*EXERCISE PROMPT*
Where a line below includes the word "Sweatshirt", copy that line.

*DATA SHOWN*
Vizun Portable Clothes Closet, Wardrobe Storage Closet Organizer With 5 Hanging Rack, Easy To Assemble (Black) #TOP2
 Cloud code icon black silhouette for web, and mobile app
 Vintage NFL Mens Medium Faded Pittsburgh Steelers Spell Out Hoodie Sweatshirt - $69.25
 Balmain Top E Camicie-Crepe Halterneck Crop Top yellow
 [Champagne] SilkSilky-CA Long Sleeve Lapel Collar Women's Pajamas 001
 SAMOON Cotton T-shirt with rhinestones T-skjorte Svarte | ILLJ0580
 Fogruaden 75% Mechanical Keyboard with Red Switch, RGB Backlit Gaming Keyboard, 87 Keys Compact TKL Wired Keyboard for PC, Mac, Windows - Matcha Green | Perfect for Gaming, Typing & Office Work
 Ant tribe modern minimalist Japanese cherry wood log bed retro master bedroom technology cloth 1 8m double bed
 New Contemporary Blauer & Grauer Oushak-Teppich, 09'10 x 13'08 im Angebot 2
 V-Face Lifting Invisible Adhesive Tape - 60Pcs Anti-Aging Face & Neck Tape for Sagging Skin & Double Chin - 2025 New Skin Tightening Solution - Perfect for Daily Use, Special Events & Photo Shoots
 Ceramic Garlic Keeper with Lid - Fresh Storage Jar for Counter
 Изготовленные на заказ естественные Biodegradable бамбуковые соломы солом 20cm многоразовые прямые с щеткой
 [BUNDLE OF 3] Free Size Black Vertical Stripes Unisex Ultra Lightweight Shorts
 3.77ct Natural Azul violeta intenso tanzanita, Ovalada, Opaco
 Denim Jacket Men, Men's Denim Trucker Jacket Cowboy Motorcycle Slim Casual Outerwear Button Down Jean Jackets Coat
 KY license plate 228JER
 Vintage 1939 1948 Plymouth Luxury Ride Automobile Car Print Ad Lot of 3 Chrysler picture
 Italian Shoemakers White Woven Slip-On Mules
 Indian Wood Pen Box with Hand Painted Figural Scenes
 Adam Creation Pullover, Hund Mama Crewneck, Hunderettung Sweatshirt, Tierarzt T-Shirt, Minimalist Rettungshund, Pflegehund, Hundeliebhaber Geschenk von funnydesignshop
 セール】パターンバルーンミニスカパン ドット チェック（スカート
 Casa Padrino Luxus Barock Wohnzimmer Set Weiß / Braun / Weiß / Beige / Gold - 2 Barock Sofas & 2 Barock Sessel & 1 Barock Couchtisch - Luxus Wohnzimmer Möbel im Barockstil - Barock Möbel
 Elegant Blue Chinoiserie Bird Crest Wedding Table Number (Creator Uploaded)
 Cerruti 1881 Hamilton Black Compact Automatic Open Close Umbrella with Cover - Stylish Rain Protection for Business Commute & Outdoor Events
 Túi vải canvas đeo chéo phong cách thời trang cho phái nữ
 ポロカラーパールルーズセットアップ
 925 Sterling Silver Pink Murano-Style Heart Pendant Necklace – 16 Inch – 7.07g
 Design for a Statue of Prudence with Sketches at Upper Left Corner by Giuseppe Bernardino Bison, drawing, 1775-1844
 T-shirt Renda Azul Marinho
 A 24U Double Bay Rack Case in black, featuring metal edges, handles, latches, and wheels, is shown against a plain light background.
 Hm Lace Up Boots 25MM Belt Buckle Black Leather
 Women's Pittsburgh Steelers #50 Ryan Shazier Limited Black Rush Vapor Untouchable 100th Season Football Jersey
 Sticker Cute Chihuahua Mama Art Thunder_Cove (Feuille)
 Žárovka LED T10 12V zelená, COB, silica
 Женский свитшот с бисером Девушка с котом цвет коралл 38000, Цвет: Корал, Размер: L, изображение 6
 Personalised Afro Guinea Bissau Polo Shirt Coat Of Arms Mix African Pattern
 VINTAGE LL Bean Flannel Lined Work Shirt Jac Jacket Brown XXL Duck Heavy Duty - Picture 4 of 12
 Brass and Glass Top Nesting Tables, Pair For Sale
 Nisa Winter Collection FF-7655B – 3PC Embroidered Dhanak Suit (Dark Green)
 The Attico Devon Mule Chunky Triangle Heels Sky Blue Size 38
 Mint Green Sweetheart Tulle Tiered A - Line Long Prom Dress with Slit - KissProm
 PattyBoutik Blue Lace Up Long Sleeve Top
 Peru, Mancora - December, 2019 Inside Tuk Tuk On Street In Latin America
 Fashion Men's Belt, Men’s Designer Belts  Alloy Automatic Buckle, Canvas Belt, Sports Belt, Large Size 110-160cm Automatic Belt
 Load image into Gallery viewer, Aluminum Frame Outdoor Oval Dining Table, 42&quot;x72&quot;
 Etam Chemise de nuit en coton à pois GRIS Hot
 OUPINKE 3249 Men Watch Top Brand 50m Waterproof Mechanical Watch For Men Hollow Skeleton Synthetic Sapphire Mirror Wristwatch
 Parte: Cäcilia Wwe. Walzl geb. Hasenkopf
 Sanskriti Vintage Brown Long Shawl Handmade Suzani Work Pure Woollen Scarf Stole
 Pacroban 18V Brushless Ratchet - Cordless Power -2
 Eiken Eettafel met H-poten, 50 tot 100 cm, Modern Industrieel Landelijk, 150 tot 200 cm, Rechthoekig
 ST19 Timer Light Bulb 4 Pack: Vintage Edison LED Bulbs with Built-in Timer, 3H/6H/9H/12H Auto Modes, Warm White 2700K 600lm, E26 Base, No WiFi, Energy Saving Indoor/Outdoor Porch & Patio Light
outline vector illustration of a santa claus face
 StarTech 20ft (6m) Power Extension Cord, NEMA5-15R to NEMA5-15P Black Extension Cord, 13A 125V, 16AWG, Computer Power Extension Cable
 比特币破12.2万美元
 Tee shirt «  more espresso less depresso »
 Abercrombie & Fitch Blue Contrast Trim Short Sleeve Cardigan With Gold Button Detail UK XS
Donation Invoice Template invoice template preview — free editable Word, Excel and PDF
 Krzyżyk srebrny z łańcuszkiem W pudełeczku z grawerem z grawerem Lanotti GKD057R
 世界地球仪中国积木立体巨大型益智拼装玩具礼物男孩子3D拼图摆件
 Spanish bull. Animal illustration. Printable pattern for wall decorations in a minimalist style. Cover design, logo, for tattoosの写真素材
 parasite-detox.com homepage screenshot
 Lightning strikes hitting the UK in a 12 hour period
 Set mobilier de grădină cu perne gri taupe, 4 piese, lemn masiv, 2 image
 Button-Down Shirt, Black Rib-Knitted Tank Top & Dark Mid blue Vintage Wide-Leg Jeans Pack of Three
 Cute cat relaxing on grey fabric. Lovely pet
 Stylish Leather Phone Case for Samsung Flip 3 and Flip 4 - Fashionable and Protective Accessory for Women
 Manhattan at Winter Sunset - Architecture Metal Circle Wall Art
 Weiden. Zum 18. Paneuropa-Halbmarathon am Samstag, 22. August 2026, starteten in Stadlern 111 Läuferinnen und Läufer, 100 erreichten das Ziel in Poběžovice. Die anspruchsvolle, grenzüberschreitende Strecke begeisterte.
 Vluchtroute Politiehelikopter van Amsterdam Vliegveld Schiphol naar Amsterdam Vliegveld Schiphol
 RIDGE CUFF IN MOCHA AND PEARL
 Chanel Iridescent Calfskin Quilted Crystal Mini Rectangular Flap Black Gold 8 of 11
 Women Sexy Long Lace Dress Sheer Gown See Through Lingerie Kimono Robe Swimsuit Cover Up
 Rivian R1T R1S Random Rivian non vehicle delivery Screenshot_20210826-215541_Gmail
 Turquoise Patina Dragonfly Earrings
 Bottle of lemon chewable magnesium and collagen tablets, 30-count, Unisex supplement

*ANSWER FOR THE TASK*
 Vintage NFL Mens Medium Faded Pittsburgh Steelers Spell Out Hoodie Sweatshirt - $69.25
 Adam Creation Pullover, Hund Mama Crewneck, Hunderettung Sweatshirt, Tierarzt T-Shirt, Minimalist Rettungshund, Pflegehund, Hundeliebhaber Geschenk von funnydesignshop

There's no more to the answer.